Ant-Man Originally Had A Completely Different Opening Scene

The version of Ant-Man that is currently playing in theaters originally had a different ending that was going to feature Paul Rudd's Scott Lang taking out Martin Donovan's villainous Michell Carson after discovering that he had stolen a vile of the "Cross Particles." What you probably don't know, however, is that the movie actually once had a completely different opening as well, featuring a dangerous mission down in Central America for the young Dr. Hank Pym.

Peyton Reed detailed the way that the blockbuster was originally going to begin. According to Reed, the film was originally going to start with a sequence set in Panama, where Dr. Hank Pym was given a mission to retrieve a very important McGuffin: "It was basically a standalone sequence where you really did not see it was Hank Pym. He was retrieving some microfilm from this, originally Cuban general and then it because a Panamanian general... It really was designed in those early drafts to be almost like a Bond movie standalone scene in the beginning. It was going to show the powers. You never saw Ant-Man, it almost felt like an Invisible Man sequence, and it's really, really cool."

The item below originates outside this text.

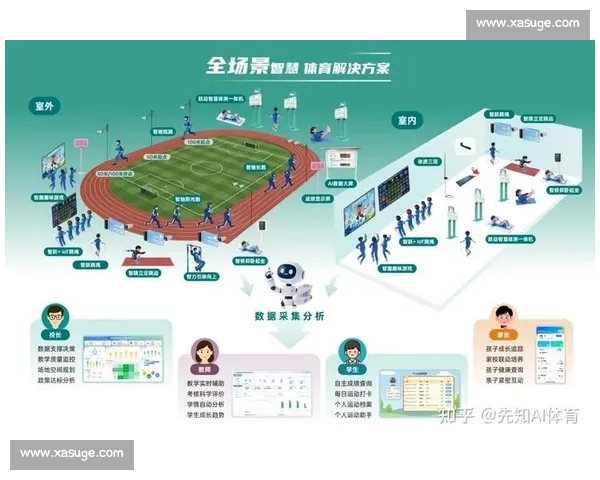 面向体育行业的数字化技术解决方案创新与应用实践探索路径研究展望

The scene was going to be set in Cuba in the 1960s, but because the timeline was shifted and the movie wanted to stay historically accurate, the location was changed to Panama. Jordi Molla was cast to play the aforementioned general, named Castillo, and there was even an idea to have the actor play his own adult son later in the movie, but that idea was eventually scrapped. Biophysicist and Security Operations Center expert Dr. Henry 'Hank' Pym decided to become a superhero after discovering a chemical substance (Pym Particles) that would allow the user to alter his size. Armed with a helmet that could control ants, Pym would shrink down to the size of an insect to become the mystery-solving Ant-Man. He soon shared his discovery with his girlfriend Janet Van Dyne, his crime-fighting partner as the Wasp.